In our print edition for Issue 5 (13 February 2014) we published an abbreviated version of the following letter. Here is the full extended version:
Rory Weal’s opinion in the edition for the 6 February 2014 was a short piece I wished could have been shorter, by around 350 words. His piece contained a number of mistakes and unnecessary hyperbole that it, for the first time in my life, generated the urge in me to write a strongly worded letter. The first issue was to suggest his ‘faith in humanity’ was ‘smashed’ by a group of students singing a rude song at – god forbid – a rugby match. Is Mr Weal such a delicate wallflower to have his hope in the kindness of humankind destroyed by, what is probably a fair assumption, some beer drinking rugby suppporters? If so, then perhaps he should remain in his college quarters and not venture out into the real world.
Secondly, if Mr Weal found it necessary to include the song he found so offensive in his article, then perhaps he could have done the simplest of courtesies of writing out the actual lyrics. A simple search on google could have provided him with the true lyrics. In fact the only place on any forum or internet site that I could find the lyrics as written by Mr Weal, was in a youtube video being sung by a group of teenagers and who managed to get the lyrics wrong in exactly the same way as Mr Weal apparently heard them being sung at the Varsity match. What a very odd coincidence. I’m not suggesting the song wasn’t sung at the rugby, simply that the article was written so long after the event Mr Weal could no longer recall what the rapscallions had been singing, so he had to youtube it to refresh his memory, and he had the misfortune to choose the only video on youtube which has both the lyrics and the pattern of the song incorrect in the exact same way as he stated in his article. I advise him to google 'I used to work in Chicago'. It has a wikipedia page and everything.
Another point I take issue with, is Mr Weal’s use of the phrase ‘this kind of thing’. I was under the impression no one had used phrases like this seriously since Dougal in Father Ted brandished a placard stating ‘down with this sort of thing’. I fear Mr Weal has satirised himself by including it in the sort of article the writers of Father Ted were trying to poke fun at.

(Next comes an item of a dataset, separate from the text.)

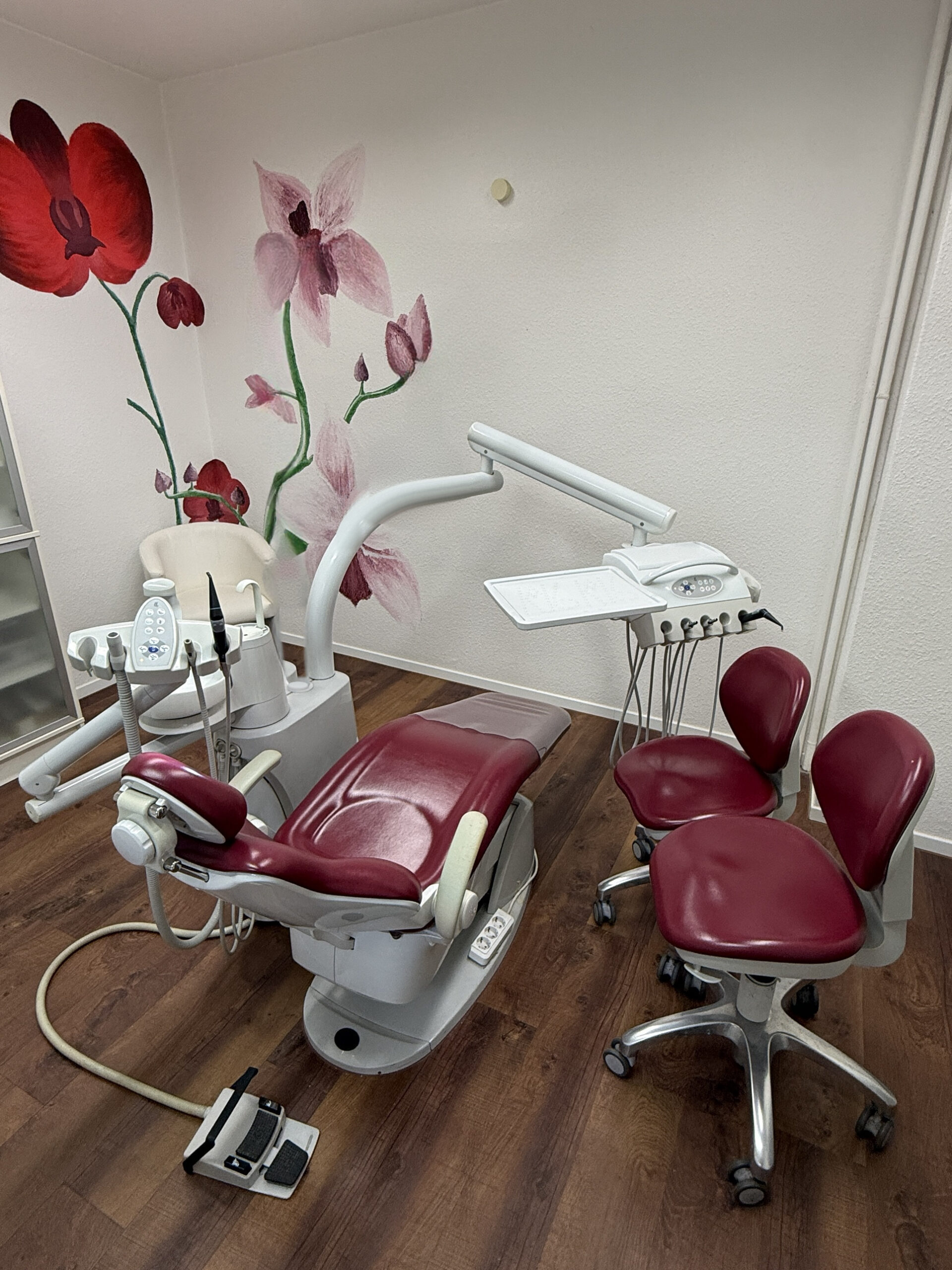 KaVo Primus 1058 TM Behandlungseinheit Zahnarztstuhl + 2 Arbeitsstühle | 388850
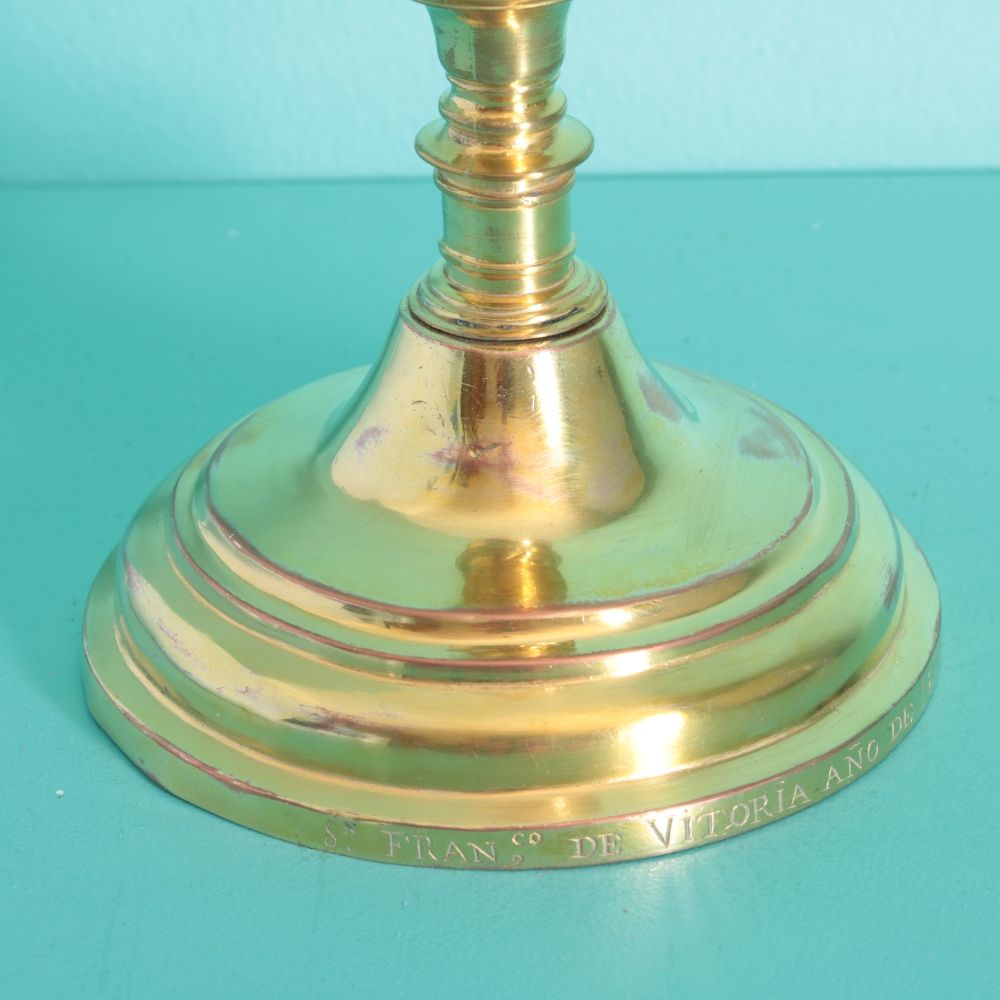 Cáliz litúrgico español antiguo de cobre dorado, fechado en 1831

But the worst use of hyperbole in the entirety of the article was Mr Weal’s description of Cambridge as a ‘microcosm of a wider culture of imbalance and inequality between the sexes’. You’ll have to forgive me, but I didn’t realise the institution that had an almost equal number of males and females studying, with some colleges just for women, which has a female president of the Student Union and a female president of the Cambridge Union was this microcosm. What’s more, if Mr Weal feels there is an issue with inequality perhaps that is a topic he would find worthwhile writing about.
The serious point in all this, is that perhaps the author could have written about inequality in Cambridge if he feels this exists, instead of writing an easy piece saying nothing about ‘lad culture’.
A disappointed reader.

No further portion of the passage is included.